TRY IT = Pictures excluded, output the lines of the data below between the one holding "2 Bolsa Impermeable" and the one holding "peace for ukraine", inclusive, exactly as they stand.

EXTRACTED RECORDS =

*** Begin section ***

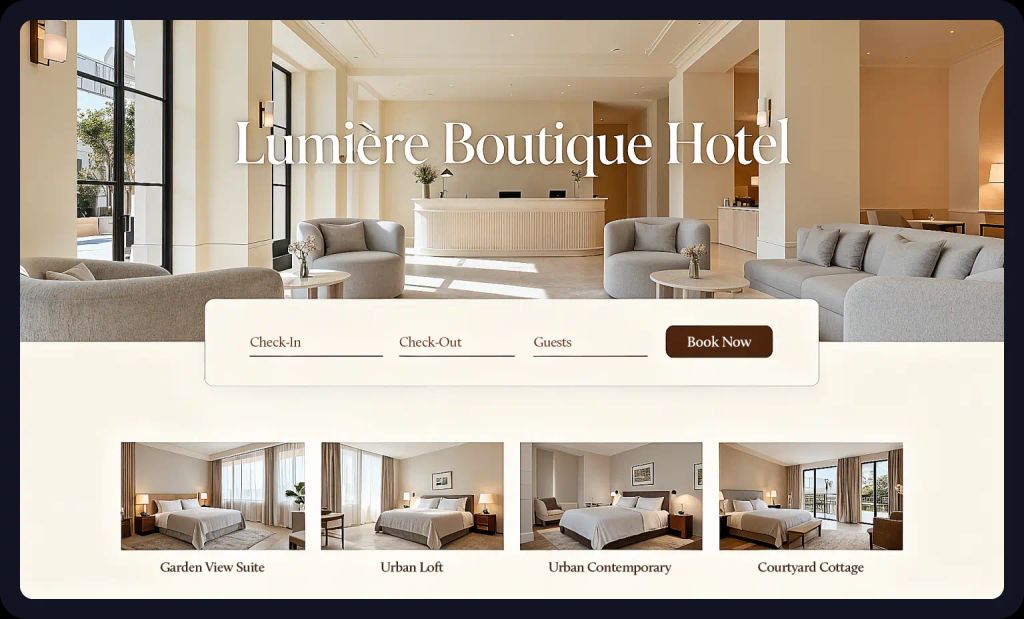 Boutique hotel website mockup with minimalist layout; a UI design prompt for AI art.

*** End section ***
*** Begin section ***

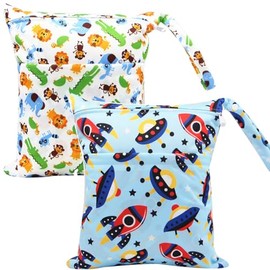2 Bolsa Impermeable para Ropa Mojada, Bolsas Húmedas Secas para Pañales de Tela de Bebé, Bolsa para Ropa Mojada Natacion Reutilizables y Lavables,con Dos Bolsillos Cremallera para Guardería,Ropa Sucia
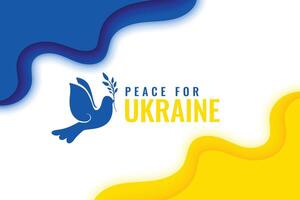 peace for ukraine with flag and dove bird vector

*** End section ***

RESPONSE =
2 Bolsa Impermeable para Ropa Mojada, Bolsas Húmedas Secas para Pañales de Tela de Bebé, Bolsa para Ropa Mojada Natacion Reutilizables y Lavables,con Dos Bolsillos Cremallera para Guardería,Ropa Sucia
 peace for ukraine with flag and dove bird vector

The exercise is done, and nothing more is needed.